Cantonner le métal à du bruit et de la technique, ce serait passer à côté de l’intégralité et de l’intégrité de ce groupe. Engagement et onde positives, voilà ce qui compose ce combo de musiciens très progressifs, au sens noble du terme. Écoutez attentivement Amazonia, et vous comprendrez vite que le propos n’est absolument pas dénué de sens, de contexte et de revendications.
Gojira, ce sont 4 musiciens engagés, dans tous les aspects de la vie actuelle ; environnement, écologie, répartition des richesses. On ne peut que saluer et respecter ce que représente ce groupe en constante évolution. Bien sûr, si vos cages à miel ne sont pas acclimatées, cela peut vous paraître dénué de musicalité et d’intérêt. Il n’en est rien, vraiment rien. Allez écouter Into the storm, et vous comprendrez toute la dimension que ce groupe peut prendre.
De glorieux prédécesseurs comme Sepultura, Rage againt the Machine sont passés par là. Tenter de s’émanciper du genre pour transmettre un message. Et bien, Gojira y parvient. Comme une nouvelle ère qui s’ouvrirait au metal.
Rien n’est gratuit, rien n’est laissé au hasard. Si ce n’est peut-être pas le meilleur opus de la bande (ma préférence va toujours et encore à Magma), il faut reconnaître que Gojira insuffle un vent nouveau dans ce style. On adore les guitares moins lourdes qu’à l’ordinaire, et le jeu impressionnant de Mario à la batterie. Quel défi physique ce doit être de jouer sur scène le répertoire de ce groupe.
Rappelons-le, Gojira est l’un des groupes français qui s’exporte le mieux ! Y compris et surtout aux États-Unis, là où très peu d’artistes tricolores peuvent affirmer avoir percé.

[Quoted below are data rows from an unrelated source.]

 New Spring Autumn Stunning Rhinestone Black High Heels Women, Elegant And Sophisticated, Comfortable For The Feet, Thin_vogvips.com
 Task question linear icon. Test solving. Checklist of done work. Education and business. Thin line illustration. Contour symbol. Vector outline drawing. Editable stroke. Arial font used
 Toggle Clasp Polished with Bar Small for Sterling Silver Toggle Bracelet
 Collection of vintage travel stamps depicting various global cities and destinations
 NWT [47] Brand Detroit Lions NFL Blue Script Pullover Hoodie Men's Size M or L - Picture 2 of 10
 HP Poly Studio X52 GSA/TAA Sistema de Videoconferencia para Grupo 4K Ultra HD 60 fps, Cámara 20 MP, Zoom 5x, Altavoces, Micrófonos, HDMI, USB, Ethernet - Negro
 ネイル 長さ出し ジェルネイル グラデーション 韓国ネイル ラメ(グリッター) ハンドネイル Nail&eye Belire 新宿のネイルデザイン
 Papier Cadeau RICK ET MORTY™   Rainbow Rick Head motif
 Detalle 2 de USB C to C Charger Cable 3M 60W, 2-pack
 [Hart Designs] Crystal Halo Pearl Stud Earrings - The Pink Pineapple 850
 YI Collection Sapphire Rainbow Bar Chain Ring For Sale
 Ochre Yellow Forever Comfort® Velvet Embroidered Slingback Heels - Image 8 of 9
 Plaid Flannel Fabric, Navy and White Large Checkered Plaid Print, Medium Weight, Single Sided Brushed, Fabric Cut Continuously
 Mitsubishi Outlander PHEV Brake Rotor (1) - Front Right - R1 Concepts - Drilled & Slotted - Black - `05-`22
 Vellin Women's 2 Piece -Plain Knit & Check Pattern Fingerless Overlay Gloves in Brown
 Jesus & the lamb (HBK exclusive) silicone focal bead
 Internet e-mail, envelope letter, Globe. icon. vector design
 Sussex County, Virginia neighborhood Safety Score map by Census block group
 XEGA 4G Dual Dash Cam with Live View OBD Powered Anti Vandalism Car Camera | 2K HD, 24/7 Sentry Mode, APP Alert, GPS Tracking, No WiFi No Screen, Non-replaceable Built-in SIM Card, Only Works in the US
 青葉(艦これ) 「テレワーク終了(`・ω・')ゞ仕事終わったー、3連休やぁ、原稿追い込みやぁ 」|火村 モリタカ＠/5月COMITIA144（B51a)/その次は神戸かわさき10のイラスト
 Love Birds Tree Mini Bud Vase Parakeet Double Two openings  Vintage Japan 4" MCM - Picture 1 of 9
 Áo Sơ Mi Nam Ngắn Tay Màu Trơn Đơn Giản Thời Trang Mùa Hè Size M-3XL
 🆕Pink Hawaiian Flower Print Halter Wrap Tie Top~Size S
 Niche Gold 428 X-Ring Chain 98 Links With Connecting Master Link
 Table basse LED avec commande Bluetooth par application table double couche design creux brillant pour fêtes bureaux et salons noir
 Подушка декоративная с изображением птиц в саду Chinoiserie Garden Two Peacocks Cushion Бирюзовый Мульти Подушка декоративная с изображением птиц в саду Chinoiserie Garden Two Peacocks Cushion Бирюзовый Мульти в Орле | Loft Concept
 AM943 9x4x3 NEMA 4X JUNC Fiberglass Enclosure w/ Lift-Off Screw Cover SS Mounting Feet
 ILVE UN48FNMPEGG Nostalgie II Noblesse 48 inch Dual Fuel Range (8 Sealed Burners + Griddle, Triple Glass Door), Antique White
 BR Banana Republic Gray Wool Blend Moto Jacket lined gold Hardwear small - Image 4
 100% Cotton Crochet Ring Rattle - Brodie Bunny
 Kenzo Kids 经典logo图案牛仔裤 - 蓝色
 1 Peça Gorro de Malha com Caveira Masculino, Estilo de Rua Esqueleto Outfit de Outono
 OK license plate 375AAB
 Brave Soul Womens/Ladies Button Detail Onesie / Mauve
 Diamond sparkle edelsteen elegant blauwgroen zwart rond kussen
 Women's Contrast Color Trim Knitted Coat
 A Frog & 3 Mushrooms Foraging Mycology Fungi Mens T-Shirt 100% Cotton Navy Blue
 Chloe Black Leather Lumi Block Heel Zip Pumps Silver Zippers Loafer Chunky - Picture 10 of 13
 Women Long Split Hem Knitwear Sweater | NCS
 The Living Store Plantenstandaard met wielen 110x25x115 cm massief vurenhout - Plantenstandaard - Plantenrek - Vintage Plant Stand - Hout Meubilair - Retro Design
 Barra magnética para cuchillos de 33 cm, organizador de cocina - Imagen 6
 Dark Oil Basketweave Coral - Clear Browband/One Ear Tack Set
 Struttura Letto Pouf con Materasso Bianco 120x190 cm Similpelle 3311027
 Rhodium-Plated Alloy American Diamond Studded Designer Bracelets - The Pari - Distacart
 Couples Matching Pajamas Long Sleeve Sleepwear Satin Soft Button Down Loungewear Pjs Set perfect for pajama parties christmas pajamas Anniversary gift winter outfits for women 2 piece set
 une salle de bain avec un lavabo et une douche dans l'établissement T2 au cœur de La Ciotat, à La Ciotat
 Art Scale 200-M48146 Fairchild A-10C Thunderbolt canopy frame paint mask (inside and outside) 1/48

Another world, un autre monde. On rêvait d’un autre monde, où la lune serait blonde…Gojira ne chante pas autre chose que cela, le malaise de la surconsommation, de la dégradation des conditions de vie par notre faute commune.
Hold on quant à lui est plutôt différent de l’ADN du groupe ; c’est (presque) doux et feutré, les thèmes de la noyade et de la lutte y sont sans doute pour quelque chose. La douceur s’étiole vers 1’40’’, laissant place à une rage de vivre, à une ivresse nihiliste. Et les riffs ravageurs emplissent l’océan, nous laissant alors entre deux sentiments ; le renoncement ou le combat.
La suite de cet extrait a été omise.